_PROBLEM TO WORK ON_.
Output every line of the entries from the line containing "Repent And Believe" through the last, exactly, with no other content.

*** DATA SHOWN Section Begins ***

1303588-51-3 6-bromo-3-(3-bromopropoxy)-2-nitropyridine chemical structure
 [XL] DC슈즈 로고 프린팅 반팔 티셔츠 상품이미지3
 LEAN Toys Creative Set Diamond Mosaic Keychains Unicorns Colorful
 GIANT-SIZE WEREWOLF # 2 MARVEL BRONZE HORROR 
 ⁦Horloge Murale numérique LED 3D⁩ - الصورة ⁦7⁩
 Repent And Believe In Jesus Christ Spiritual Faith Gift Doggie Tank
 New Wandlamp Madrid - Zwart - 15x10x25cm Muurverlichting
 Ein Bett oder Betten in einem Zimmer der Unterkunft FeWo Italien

*** DATA SHOWN Section Ends ***

_ANSWER AREA_.
 Repent And Believe In Jesus Christ Spiritual Faith Gift Doggie Tank
 New Wandlamp Madrid - Zwart - 15x10x25cm Muurverlichting
 Ein Bett oder Betten in einem Zimmer der Unterkunft FeWo Italien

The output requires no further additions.